La plupart des témoignages montrent que tout le monde aurait à y gagner si l’on obtenait plus de diversité de compétences, et a fortiori de genres, au sein des conseils. A ce titre, l’expérience d’Anne Héritier Lachat, première présidente du CA de la FINMA (l’autorité fédérale de surveillance des marchés financiers), entre 2011 à 2015, pourrait servir d’exemple à toutes. Sa vision stratégique a été révélatrice de la prudence, de la finesse et de la pondération dont sait faire preuve une femme à ce niveau de responsabilités. Toutes celles qui ont suivi ce chemin ont aussi appris à dire haut et fort ce qu’elles pensent quand il le faut.

«La quintessence des soft skills et de l’expertise»

Samira Marquis a rejoint en avril dernier le comité du Cercle suisse des administratrices. Elle se définit comme une experte en organisation du travail et stratégie en ressources humaines. Aujourd’hui, elle assume trois mandats comme administratrice indépendante et explique pourquoi l’idée de pouvoir influencer les décisions l’ont motivée.

Forte d’une expérience de plus de vingt ans de gouvernance opérationnelle, Samira Marquis raconte que son premier mandat d’administratrice s’est fait de manière assez naturelle. Son expérience lui avait permis de participer à l’élaboration de la stratégie ainsi qu’à la gestion de crise au sein d’entreprises prestigieuses du luxe ou de l’industrie. Ce solide bagage lui permet de bien comprendre les enjeux opérationnels et de les questionner en fonction des objectifs stratégiques.
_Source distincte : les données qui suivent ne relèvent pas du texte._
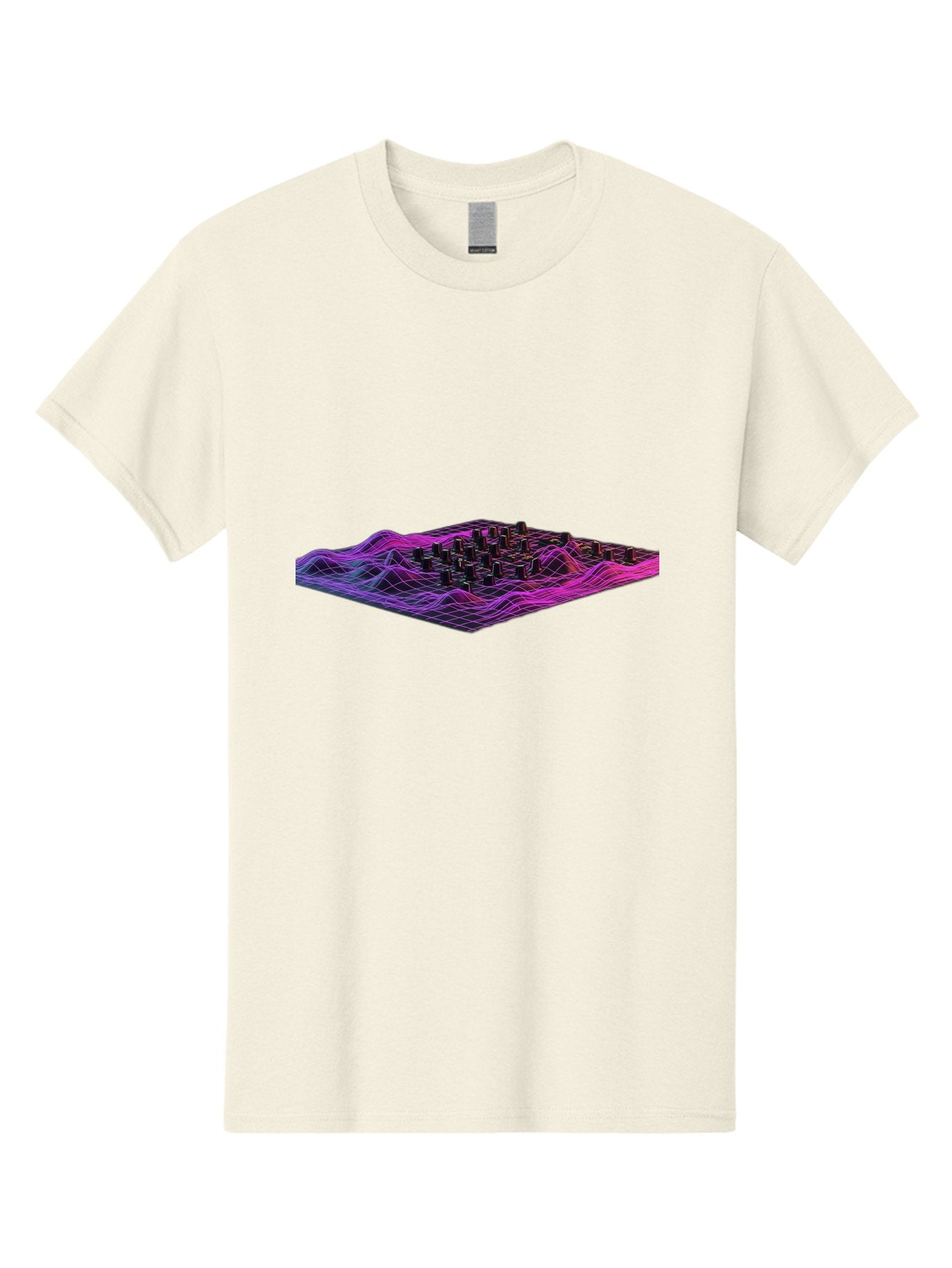 3D-Cityscape-Grid Men'S Graphic Tee, 100% Cotton, Comfortable Casual Summer Wear, Machine Washable, 3D Grid Landscape, Neon Purple And Pink, Futuristic Terrain, Wavy Lines, Grid Pattern, Abstract Geometry, Digital Artwork, Vibrant Colors, Baa000 6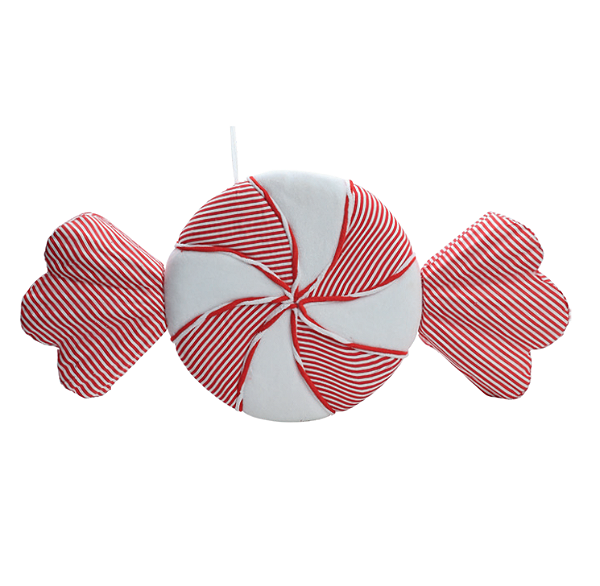 Enfeite Pendurar Bala Gigante Listrada Vermelho e Branco 31x65x9cm - Ref 1007798 Cromus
Tout au long de son parcours, Samira Marquis a choisi d’améliorer ses compétences grâce à plusieurs formations dans des domaines d’expertise qui lui manquaient. Elle se dit aujourd’hui très intéressée par la digitalisation de l’économie, tout en respectant les valeurs des entreprises mandatrices. «Devenir administratrice, c’est à la fois passionnant et très exigeant. Cela requiert une grande agilité intellectuelle et il est impossible de ménager ses efforts», explique-t-elle quand on l’interroge sur sa motivation. «Pour y arriver, il faut garder en tête deux priorités: les bonnes pratiques de gouvernance et la diversité. Actuellement, je pense qu’il est important de compléter l’éventail des compétences (surtout financières et juridiques) par des profils qui ont d’autres expériences ou expertises. Il est indispensable que les directions générales comprennent que l'accompagnement et l’adhésion des collaborateurs sont des facteurs clé de leur réussite, en particulier en période de changement et d'incertitude. C’est aussi de la responsabilité des CA de protéger et de veiller au développement responsable du capital humain de l’entreprise.» Sur la question de la féminisation des CA, Samira Marquis est très engagée: «En Suisse, il est curieux que les femmes, majoritaires à sortir diplômées des universités, se comptent si faiblement à des postes de dirigeantes et encore moins dans les conseils d’administration», regrette-t-elle. Cette réalité a un impact négatif sur toute la société: c’est un investissement qui ne va pas jusqu’au bout. Aujourd’hui, elle a décidé de s’engager plus activement au sein de la CSDA pour encourager la relève. «N’oublions pas qu’être administratrice est une mission à long terme, qui se prépare soigneusement. Les conseils se renouvellent environ tous les dix ans. Il n’est pas possible d’improviser dans ce domaine», conclut-elle.